[Records excerpted from a collection]
============================================================

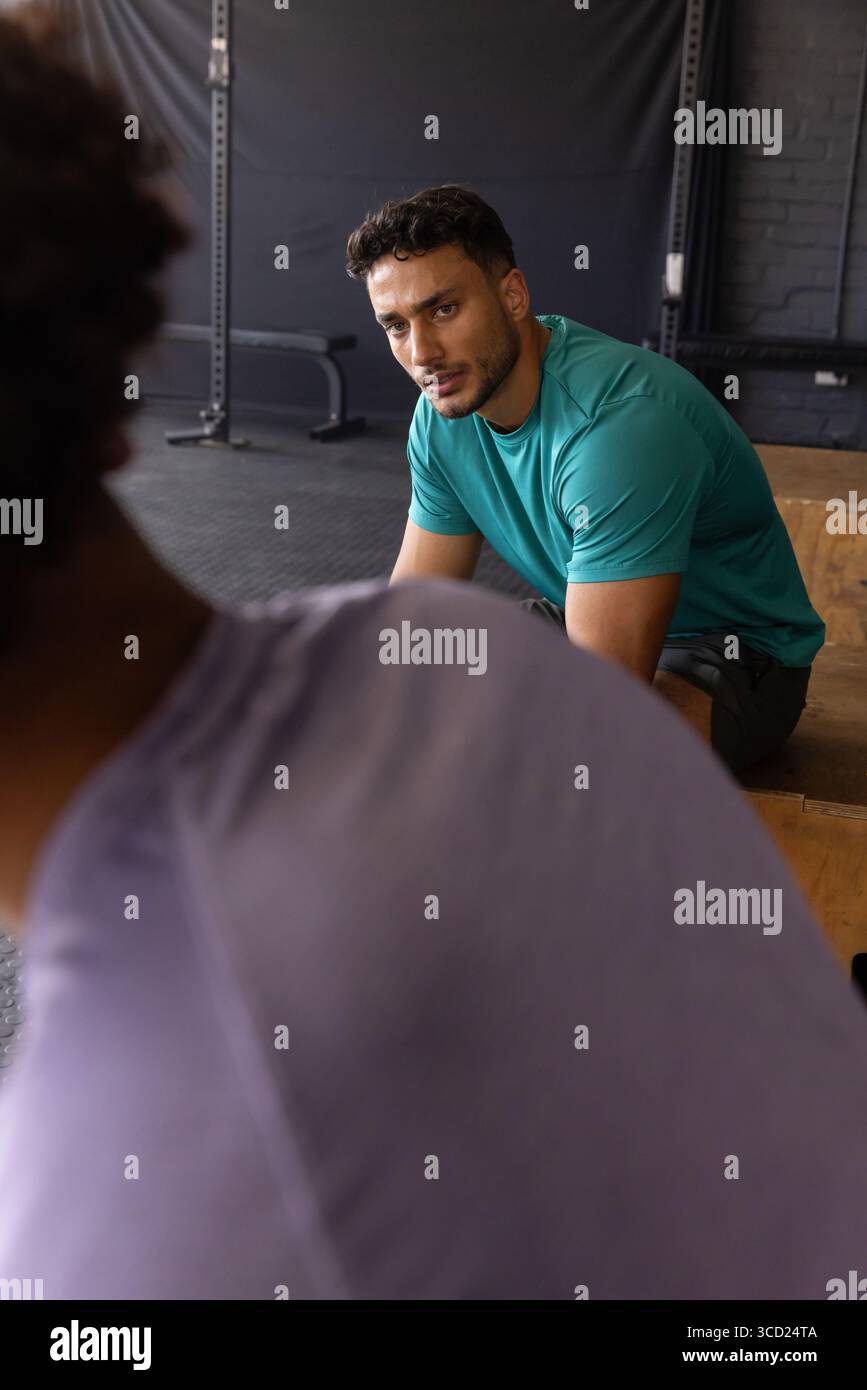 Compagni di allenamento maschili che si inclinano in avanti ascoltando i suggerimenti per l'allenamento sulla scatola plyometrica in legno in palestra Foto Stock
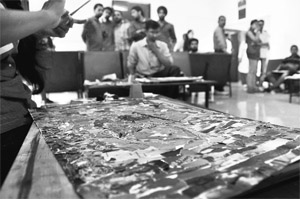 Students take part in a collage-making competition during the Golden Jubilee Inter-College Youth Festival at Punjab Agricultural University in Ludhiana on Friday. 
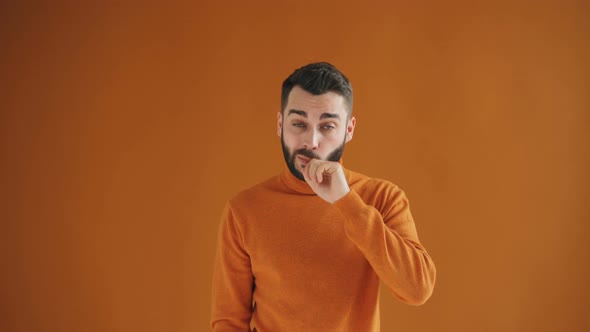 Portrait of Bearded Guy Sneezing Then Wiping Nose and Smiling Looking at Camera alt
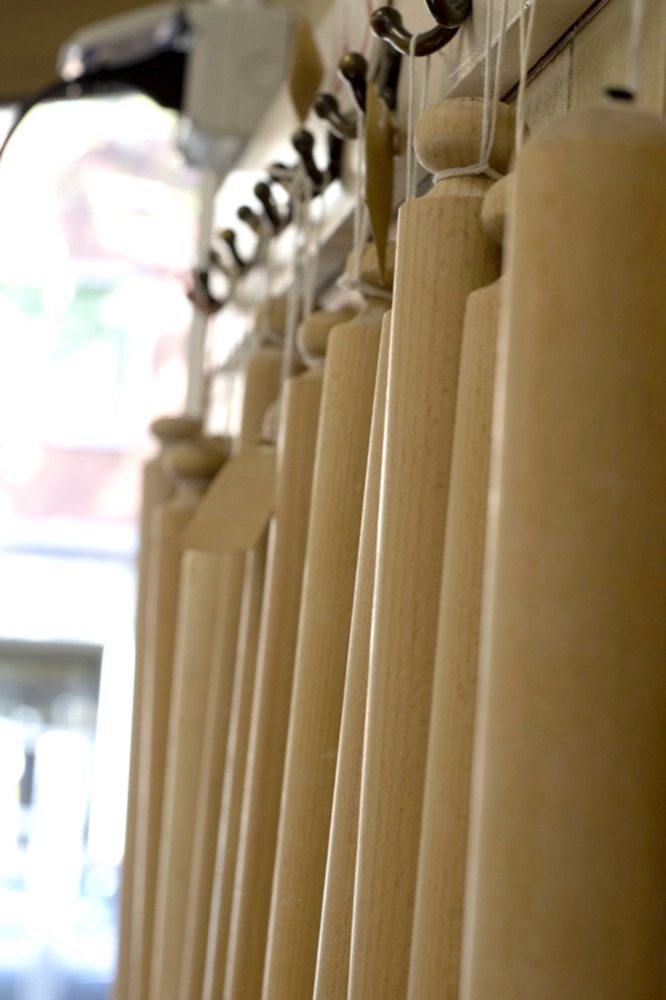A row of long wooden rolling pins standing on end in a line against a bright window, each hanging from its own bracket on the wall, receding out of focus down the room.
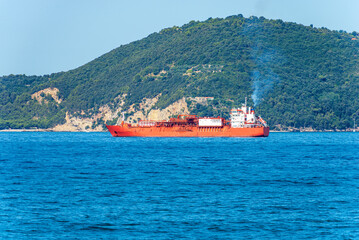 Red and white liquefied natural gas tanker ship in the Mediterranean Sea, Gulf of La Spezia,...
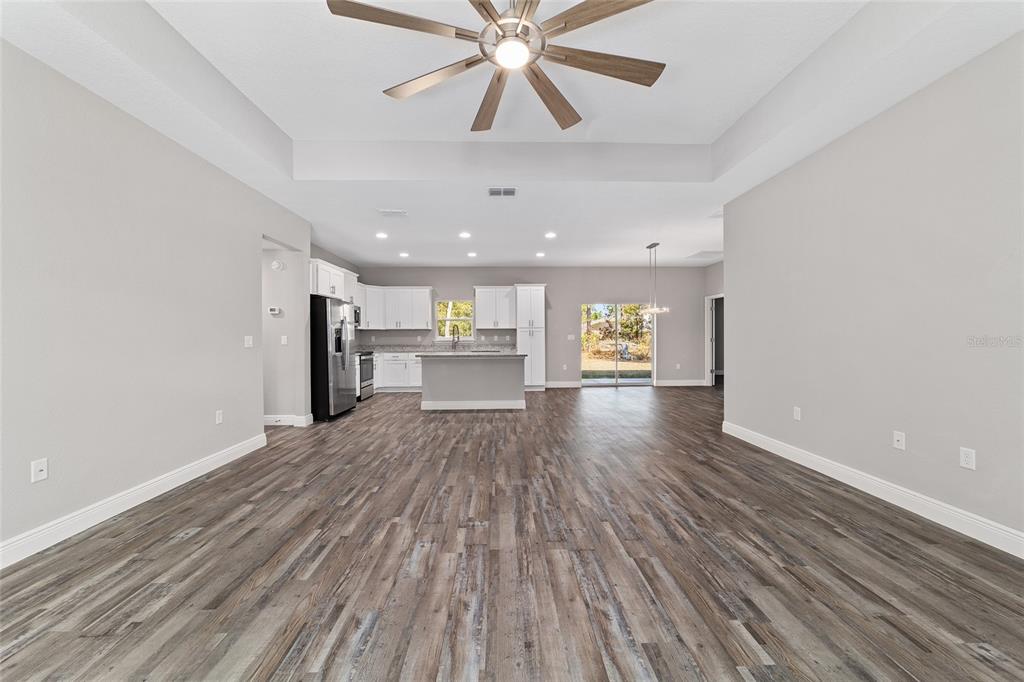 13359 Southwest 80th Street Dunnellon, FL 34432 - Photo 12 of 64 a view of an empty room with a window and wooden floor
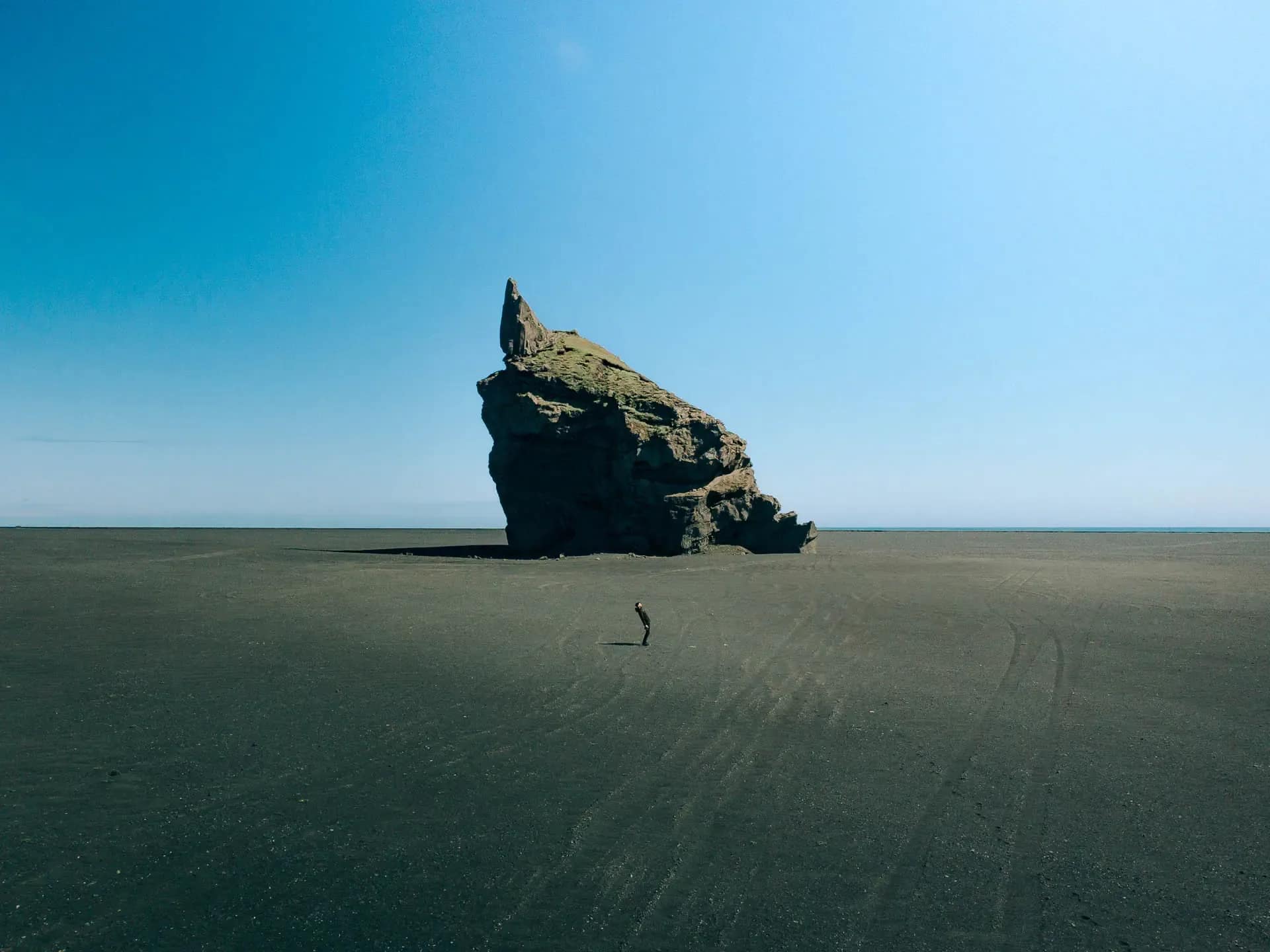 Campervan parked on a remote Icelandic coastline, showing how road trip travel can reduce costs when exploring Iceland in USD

============================================================

* [What the task asks]: Could you set down every record above word for word, leaving out the pictures?

* [Completed exercise]:
 Compagni di allenamento maschili che si inclinano in avanti ascoltando i suggerimenti per l'allenamento sulla scatola plyometrica in legno in palestra Foto Stock
 Students take part in a collage-making competition during the Golden Jubilee Inter-College Youth Festival at Punjab Agricultural University in Ludhiana on Friday. 
 Portrait of Bearded Guy Sneezing Then Wiping Nose and Smiling Looking at Camera alt
A row of long wooden rolling pins standing on end in a line against a bright window, each hanging from its own bracket on the wall, receding out of focus down the room.
 Red and white liquefied natural gas tanker ship in the Mediterranean Sea, Gulf of La Spezia,...
 13359 Southwest 80th Street Dunnellon, FL 34432 - Photo 12 of 64 a view of an empty room with a window and wooden floor
 Campervan parked on a remote Icelandic coastline, showing how road trip travel can reduce costs when exploring Iceland in USD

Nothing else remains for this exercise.